Tuesday afternoon after our editorial was written on the status of the iconic lighting of Mason Park each Christmas, one of the organizers came into the office declaring a hopeful victory. A group of mostly young people, buoyed by local businesses, pledged their help in varying capacities.
Despite many of the ornaments being in rough condition, lights being out and time ticking dangerously close to Christmas, enough people have stepped forward, it appears, to light the park — albeit it likely will be in a more limited display than what locals have been used to.
Just to refresh the memories. A committee of dedicated, yet aging volunteers have for the past 20-plus years given up countless hours to bring the people of Laurel a display in Mason Park on 7th Avenue that is like no other. Lights, angels, rocket ships and Santa Claus literally bring the park alive once the natural light disappears. The City of Laurel provides the electricity, but has nothing to do with presenting the display.
That, likely, led to a lack of volunteer support over the past several years. Passersby likely saw a public park and figured the city was responsible and let the city works do their thing.
Two years worth of pleas for more help — the average age of the group of seven volunteers to produce the display is 68 years old — went unanswered. Only when organizers delivered the bad news — like Santa Claus did to the elves in “Rudolph the Red Nosed Reindeer” — that there would be no display did the lights begin to shine.
Thanks to all those who have stepped up. The display will be much smaller than what we are used to, but if those who rose to keep the special park displays can take that passion and momentum into the future, the display will be bigger and better than ever come next year. Putting that display together takes months of preparation, sweat and toil. The biggest obstacle for the “newbies” will be learning all the intricacies that go into creating that display. That work will have to start in the summer swelter well before anyone, outside of Walmart of course, begin to put up Christmas displays.
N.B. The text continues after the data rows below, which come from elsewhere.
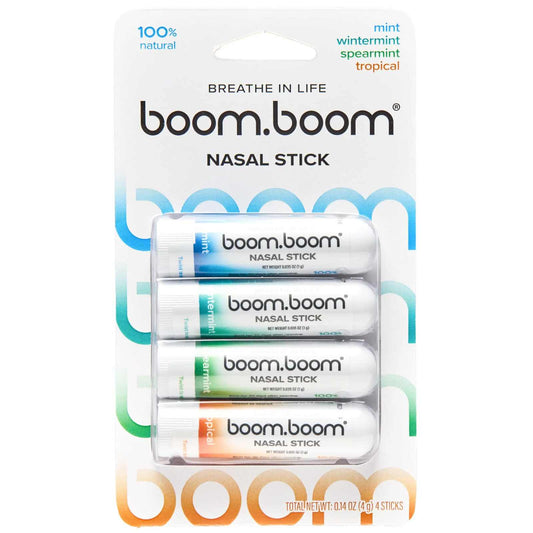 Instantly Refresh Your Senses & Boost Focus with All-Natural Nasal Inhaler Sticks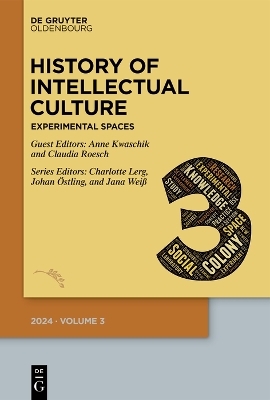 History of Intellectual Culture 3/2024 - 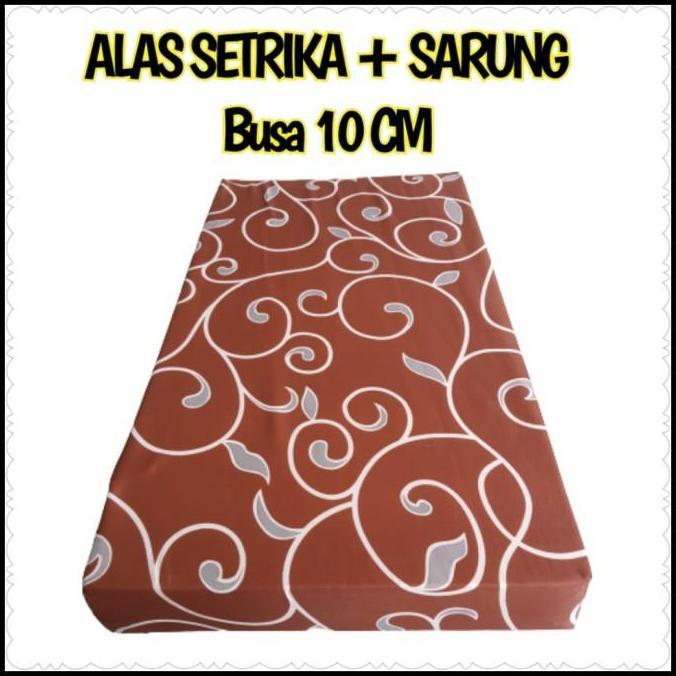 FLASH SALE - ALAS SETRIKA BUSA INOAC 10 CM SUPER TEBAL + SARUNG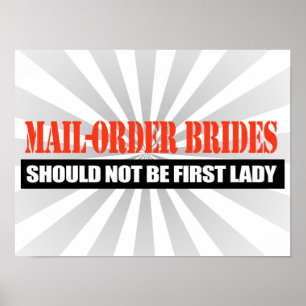 Mail-order brides should not be first lady -.png poster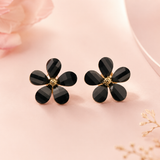 Midnight Blossom Studs
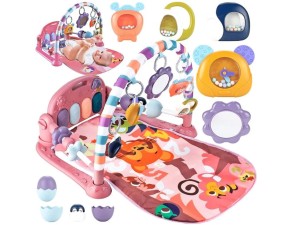 MATA EDUKACYJNA PIANINKO Do Zabawy Dźwięk GRZECHOTKI GRYZAKI DLA NIEMOWLĄT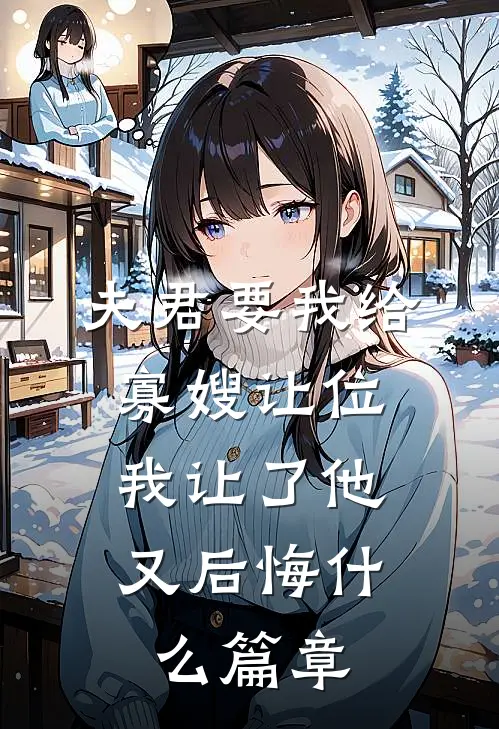 夫君要我给寡嫂让位,我让了他又后悔篇章在线阅读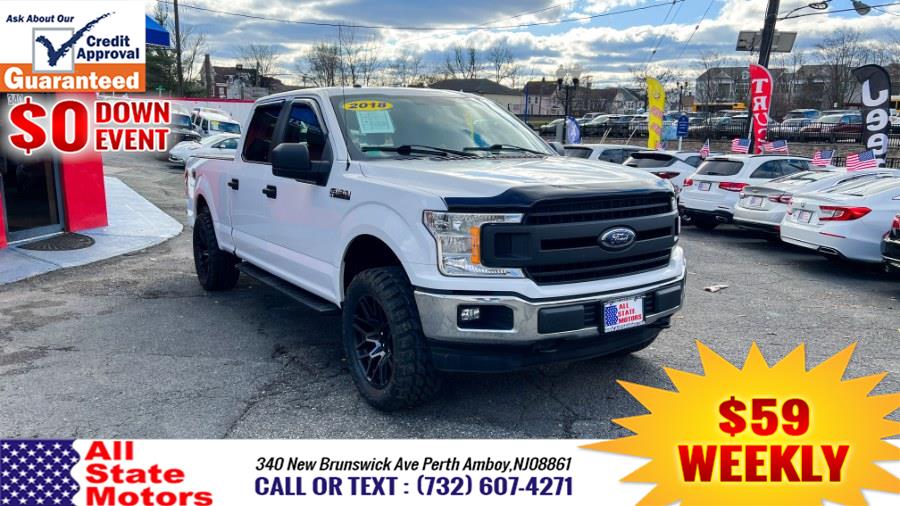 2018 Ford F-150 XL 4WD SuperCrew 5.5'' Box, available for sale in Perth Amboy, New Jersey | All State Motor Inc. Perth Amboy, New Jersey 2018 Ford F-150 XL 4WD SuperCrew 5.5'' Box, available for sale in Perth Amboy, New Jersey | All State Motor Inc. Perth Amboy, New Jersey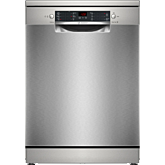Bosch SMS26AI08G Series 2 Free-Standing Dishwasher 60 Cm Brushed Steel Anti-Fingerprint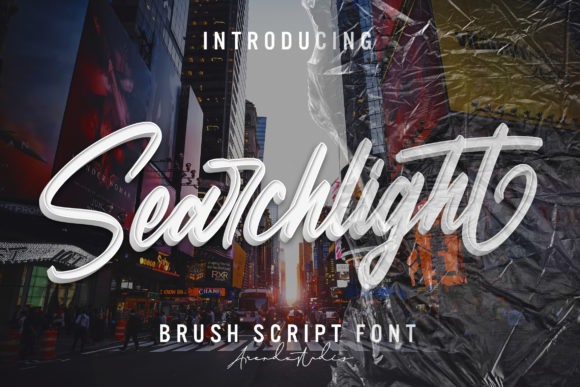 Discover Searchlight: A Handwritten Font for Modern Web Design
This is a start, though, and one we all hope takes root in the next generation of Laurelites who are stepping forward. Of course, many people have “volunteered” with the display in the past for a Saturday or two, then realize how much work goes into it and are never heard from again. It takes a special kind of dedication to take on that undertaking every year — and that is the part that will need to be learned most of all.
Just as Rudolph stepped up with his bright red nose to lead Santa’s sleigh and save Christmas, the lights appear to be shining again in Mason Park.